Best practices to set up and use teamspaces
To get the most out of teamspaces, follow these five steps to get started:
- Remove folders if you don't need an extra level of hierarchy.
- Use the Organization space as your company-wide hub. All users are automatically added to it.
- Keep strategy documents, roadmaps, and organization-wide boards in the Organization space.
- Create a folder for archived boards and move any boards that are no longer used to this folder.
- If you need to group boards for a specific audience, create additional teamspaces.
Note: If you're on an Enterprise plan, your workspace admins can change a teamspace's type after creation, which means you can start with an Open teamspace and convert it to Closed or Private later if the team's needs change.
How Productboard uses teamspaces
Organization
At Productboard, our Organization space gives everyone a high-level view of the product and answers the following questions:
- Who owns which part of the product (domain ownership)?

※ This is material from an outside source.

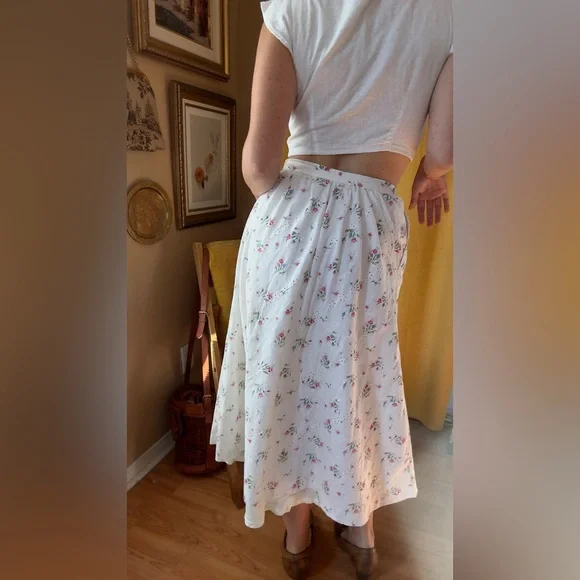 Vintage White Hand Sewn Floral Eyelet Midi with Pockets XS - Picture 7 of 14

- When are we expecting to ship new features?
- What can we share with our customers?
- What objectives are we working towards and what initiatives are we pursuing?
- Are we hitting our OKRs?
Note: All users are added to the Organization space by default.
Product teamspaces
At Productboard, our product teamspaces are used by cross-functional teams of designers, product managers, and anyone else directly involved in the product development work. The content and structure might differ, but they usually include:
- Holistic view of all the backlog.
- Team-specific roadmap with a more granular view.
- Discovery folder with an overview of past and existing discoveries.
- Opportunity backlog regularly assessed for new candidates.
- Boards to help the PM and engineers with cycle (sprint) planning.
- Boards to plan releases together with PMMs.
Leadership teamspace
At Productboard, our leadership teamspace provides a high-level overview for the product leadership and the executive team. The leadership team uses it to:
- Track our yearly and quarterly OKRs.
- Report and review health for each product, domain, and initiative.
Functional teams teamspace
At Productboard, our functional teams teamspaces allow individual teams to customize their dedicated teamspace for their own roles and responsibilities. For example, our research team uses a dedicated teamspace to:
- Track the status of various product discoveries.
- Gather information from previous research.
- Curate templates for other teams.
Additional tips to help you manage your teamspace
- Delete any old or irrelevant boards. If you're not sure about the purpose of a particular board, move it to a folder titled To review and ask the teams to review it.
- Make sure the boards that should be shared widely are shared with all roles.
- Remember to invite your teams into teamspaces.
- Create board shortcuts to the most relevant boards instead of duplicating them in different teamspaces.
- Use board access overrides to customize the access profiles of specific teamspace members and to hide sensitive boards from those who aren't key stakeholders.